Phillip Dampier September 22, 2009 Canada, Data Caps, Editorial & Site News, Net Neutrality, Public Policy & Gov't Comments Off on One Half Done, One to Go: Net Neutrality Doesn’t Ban Internet Overcharging
Phillip Dampier

Phillip "I Can See the Problem" Dampier

Yesterday’s proposal by FCC Chairman Julius Genachowski gets Net Neutrality halfway there.  That already puts us ahead of Canadian broadband, which is a throttler’s paradise, but remember — an eventual FCC rulemaking is not a law.  An FCC policy is only as good as the agency’s willingness to enforce it.  If a new administration decides Net Neutrality is not to their liking, they could very well appoint new Commissioners who agree, and while they may not repeal such policies, they aren’t likely to spend time enforcing them either.

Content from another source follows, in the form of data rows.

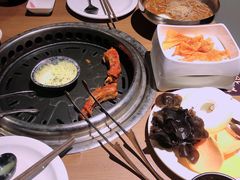 -火炉火自助餐(悠唐购物中心店)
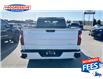2022 Chevrolet Silverado 1500 Custom (Stk: NZ571137) in Sarnia - Image 14 of 15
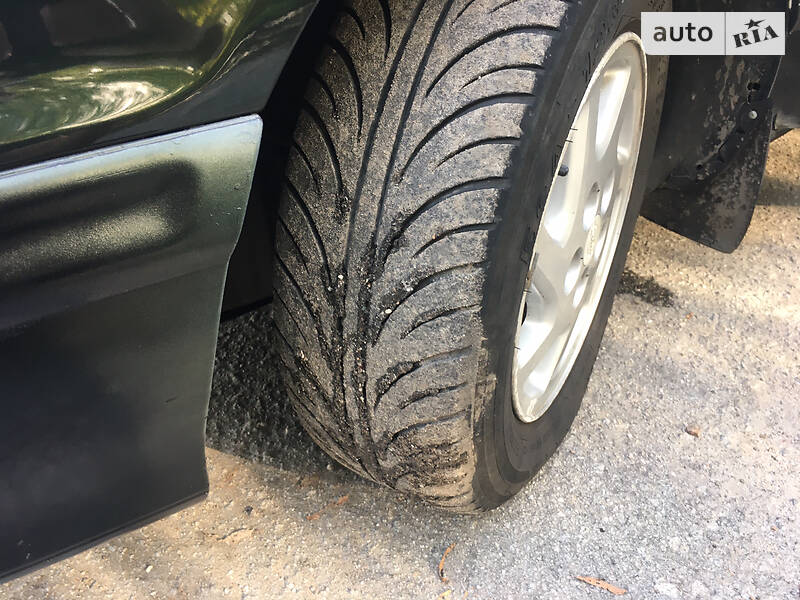 Седан Nissan Maxima 1997 в Киеве фото 6 Седан Nissan Maxima 1997 в Киеве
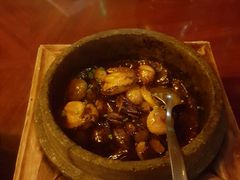 -解香楼(八盘岭路店)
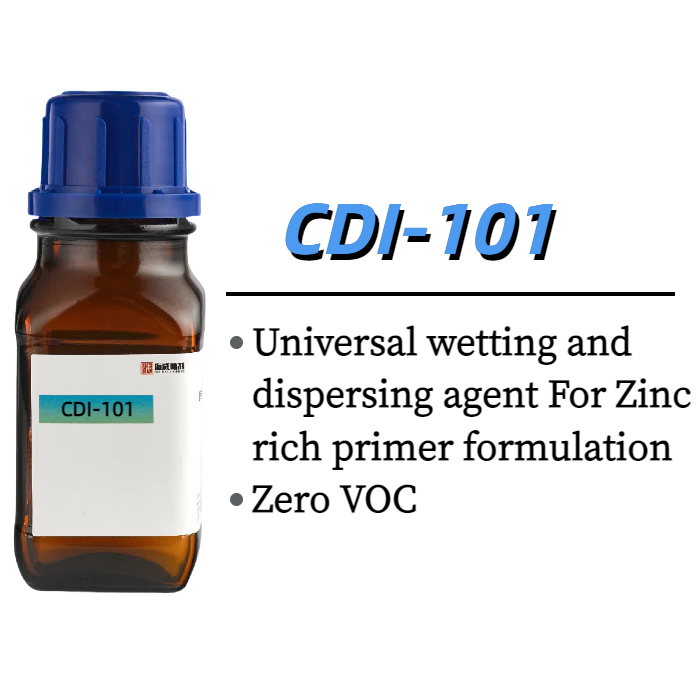 CDI-101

Americans must insist that Net Neutrality have the force of federal law, and that can be done by telling your member of Congress to co-sponsor the Internet Freedom Preservation Act (H.R. 3458.)

Canadians need to immediately appeal to their MPs and ask why Canada is stuck with throttling broadband providers that completely ignore Net Neutrality when the United States not only has a bill to codify Net Neutrality protections but a regulatory communications body that is going to enforce it as policy even without a new law.  That’s a far cry from the Canadian Radio-television Telecommunications Commission (CRTC) which has spent all year rubber-stamping the wish list of the broadband industry.  That’s simply unacceptable, and Canadians need to tell MPs their vote in the next round of elections will depend on which candidate has the best plan to solve this mess.  There is absolutely no justification for Canada falling behind the United States in broadband service.  If the CRTC won’t represent Canadian citizens, perhaps it’s time to get rid of it and let them form an industry trade group, which isn’t far off from where they are right now.

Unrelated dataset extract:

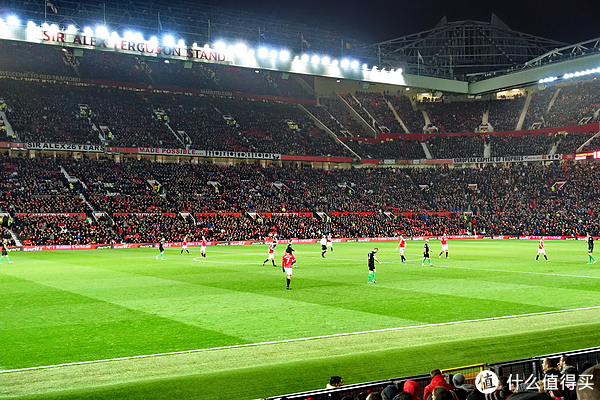 梦想中的梦剧院—朝圣old trafford(老特拉福德)欧洲五星级球场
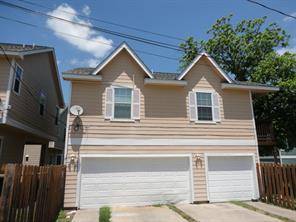 5401 Evans Ave #B, Austin, TX 78751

Net Neutrality alone is not nirvana for broadband consumers.  Indeed, there is every expectation some broadband providers may try to slap more Internet Overcharging schemes on consumers and try to blame Net Neutrality for it, under the false “either/or premise.”  Too often, public interest groups and some consumers have been led astray with the assumption that one is better than the other, and that’s a false choice.  Both are extremely bad for innovation, broadband advancement, and consumer adoption and acceptance of broadband service.  When you engage in Overcharging schemes like raising prices, imposing usage caps, meters, overlimit fees and penalties, some consumers will decide it just isn’t worth it.  Few consumers will risk using high bandwidth online applications of the future worried about their usage allowance for the month, or the penalty for exceeding it.

Free Press Illustrates the Telecom Industry's Lobbying Frenzy

Free Press Illustrates the Telecom Industry's Lobbying Frenzy

Internet Overcharging schemes are not dead, although some of the earlier experiments have been temporarily shelved.  Some smaller providers in rural and small cities are already engaged in usage caps combined with consumption billing.  AT&T continues its experiment in Beaumont and Reno.  Comcast celebrated its first anniversary of the 250GB usage cap by leaving it right where it is, unchanged.  Wireless mobile broadband is a 5GB capped experience all-around.

Although I realize it is difficult to generate intensity when there aren’t big bad actors imminently dropping Internet Overcharging on millions of broadband customers, this is not the time to keep the pressure off.  Let’s make sure providers realize the intense, red hot hatred of gas gauges, meters, and all of the other Overcharging schemes has not cooled a single degree.  You can do that by making another round of phone calls and sending messages to your member of Congress to support Rep. Eric Massa’s Broadband Internet Fairness Act (H.R. 2902.)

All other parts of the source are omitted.